A sophisticated, topical Orson Lowell pen & ink drawing featuring a Japanese soldier bowing before a mythically inspired goddess of death (named Lowell Mortise, a play on the Latin word for death) with the caption “So sorry – have made mistake.” The age of this piece, which dates to the first years of the 20th century, makes this by all accounts a commentary on the massive casualties ensued during the Russo-Japanese war of 1904-1905, a war Japan won, but at a human price much too high. This is an epically conceived and emotionally powerful reflection of the inevitable end to war. Work is framed in a period ornate gold gesso antique frame and archivally matted behind glass.

Biography courtesy of ask art:
Illustrator Orson Lowell, the son of landscapist Milton H. Lowell, was born in 1871. He studied with the well-known anatomist, J. H. Vanderpoel, at the Art Institute of Chicago, Illinois.

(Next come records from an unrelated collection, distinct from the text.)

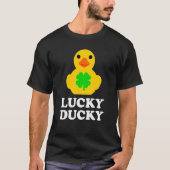 Cute Yellow Rubber Duck Four Leaf C St Patrick's D T-shirt (Voorkant)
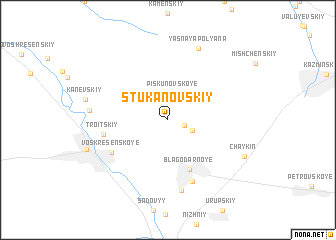 map of Stukanovskiy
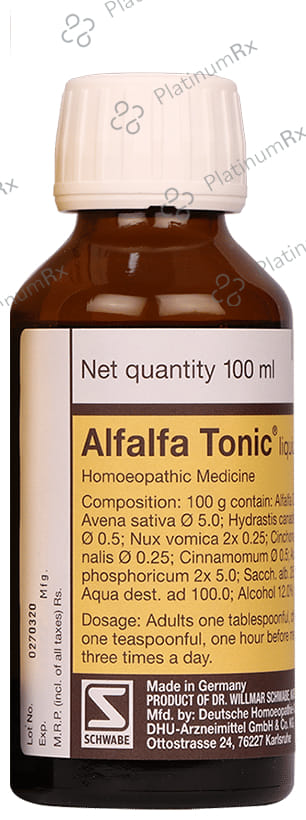 Dr Willmar Schwabe Germany Alfalfa Tonic 100 ml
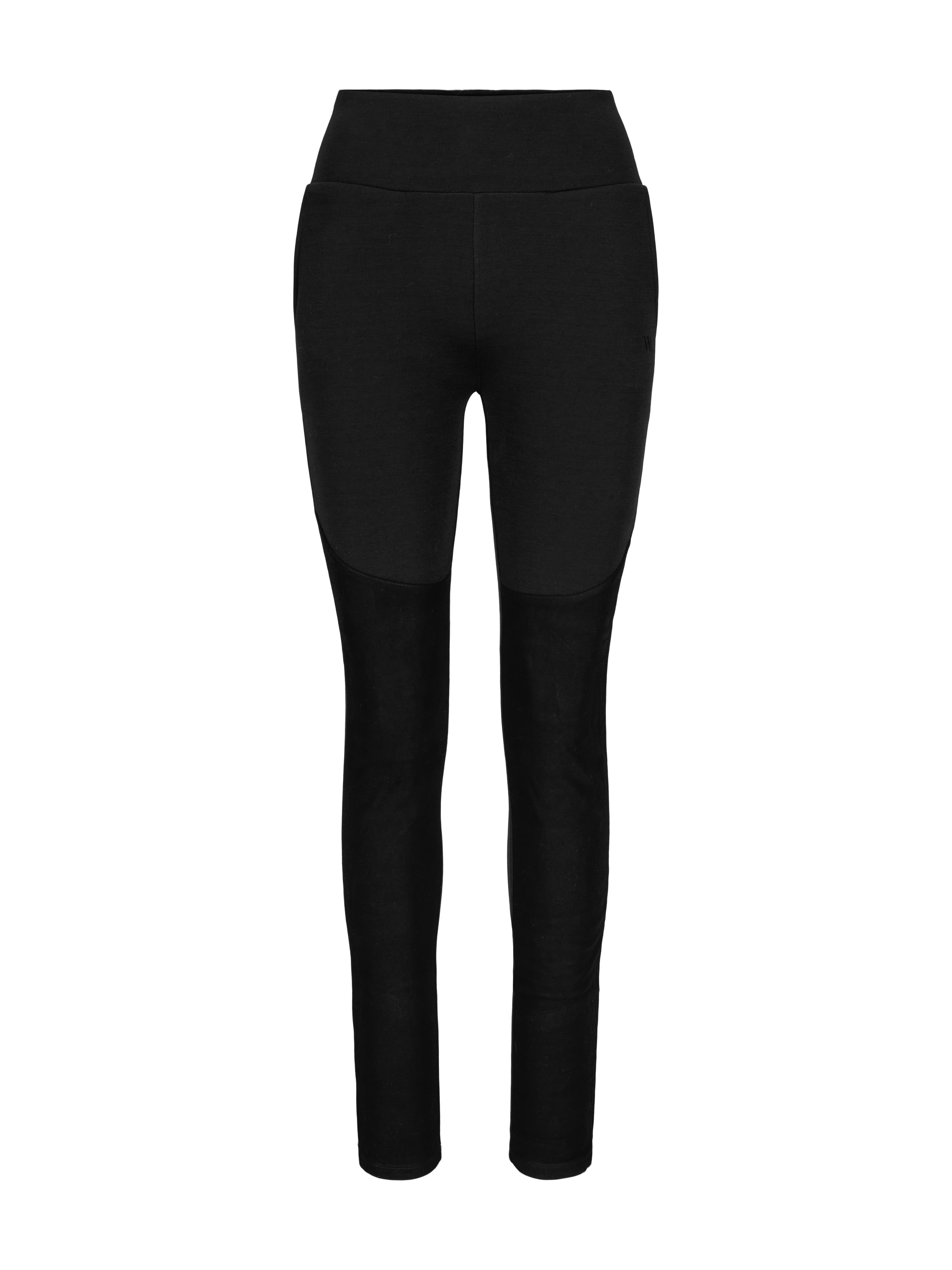 Harahorn Wool Tights Suede Black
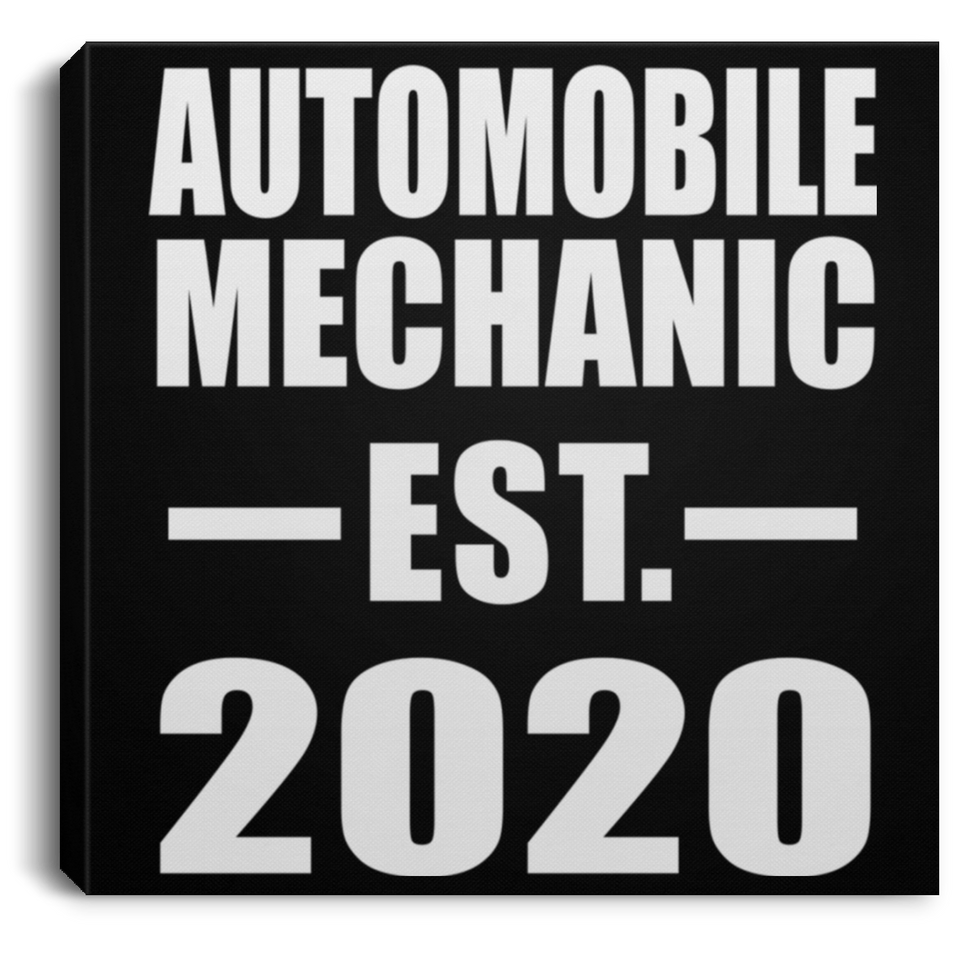 Automobile Mechanic Established EST. 2020 - Canvas Square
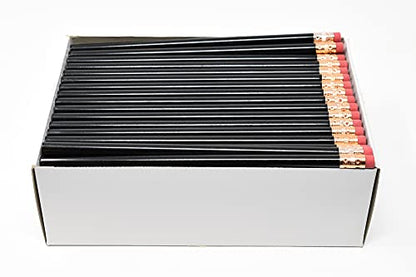 Pencil Guy Blank Round Pencils, Black, 144 to a box | Not Sharpened - color: Black, size: 1 Count (Pack of 144), style: Not Sharpened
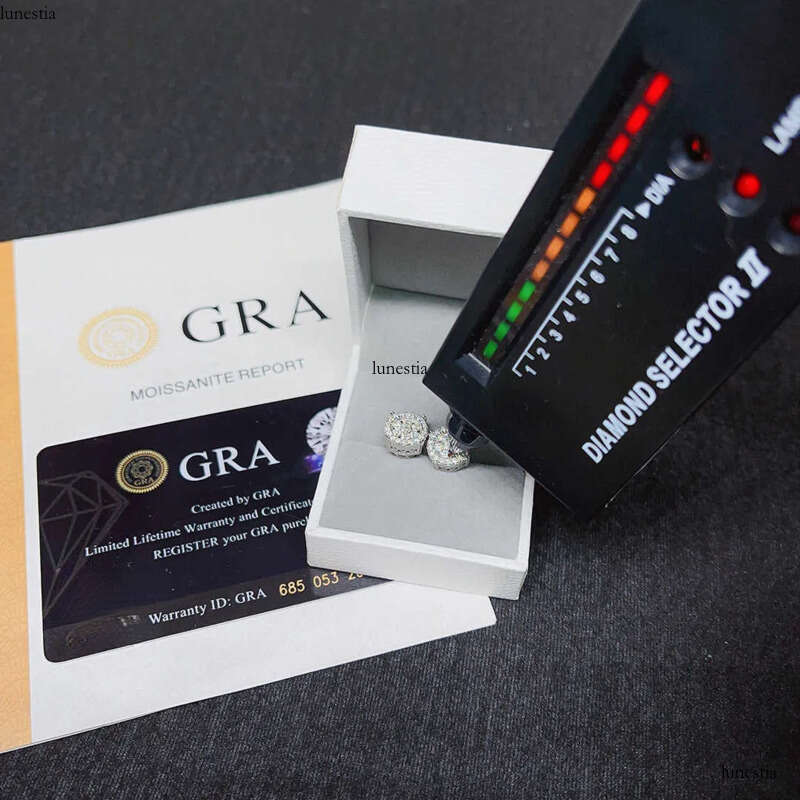 Designer Jewelry Wholesale Price Popular Hot Sale Iced Out Sterg Sier Jewellery Moissanite Vvs Screw Back Stud Earrings Category Gift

He moved from Chicago to New York in 1893. Known for the richness of his work in pen and ink, he drew, in 1898, fifty illustrations for The Choir Invisible. By 1907, he was employed at LIFE magazine, at that time a humor publication competing with Judge and Punch. He became known for his cartoons with a social message. Lowell was a contemporary of, and often discussed in relation to, the famous illustrator Charles Dana Gibson.
In 1899, F. Marion Crawford published Saracinesca, a two-volume work with one hundred pen and ink drawings and reproductions of paintings by Lowell featuring images of Italian fountains, ancient buildings and bridges.

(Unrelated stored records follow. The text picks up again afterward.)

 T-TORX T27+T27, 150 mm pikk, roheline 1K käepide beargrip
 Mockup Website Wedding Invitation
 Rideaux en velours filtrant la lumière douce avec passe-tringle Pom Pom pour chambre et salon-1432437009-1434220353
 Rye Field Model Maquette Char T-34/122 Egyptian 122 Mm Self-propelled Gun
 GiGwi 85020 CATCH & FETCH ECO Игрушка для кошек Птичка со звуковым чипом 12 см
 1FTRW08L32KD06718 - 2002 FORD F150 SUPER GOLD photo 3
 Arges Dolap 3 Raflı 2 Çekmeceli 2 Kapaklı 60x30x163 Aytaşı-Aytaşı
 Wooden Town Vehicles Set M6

Lowell illustrated magazines like LIFE, Judge, and The American Girl through the 1940s. Before the decline of illustrated novels in the early 1920s, Lowell created illustrations for works little-known today, Love in Old Clothes, 1896; C.N. and A.M. Williamson’s Lady Betty Across the Water, and the works of Charles de Kock.
Orson Byron Lowell died in 1956.
In 2002, Lowell’s work was represented in “Toast of the Town: Norman Rockwell and the Artists of New Rochelle,” an exhibition of twenty-five artists associated with that New York town, held at the Norman Rockwell Museum, Stockbridge, Massachusetts.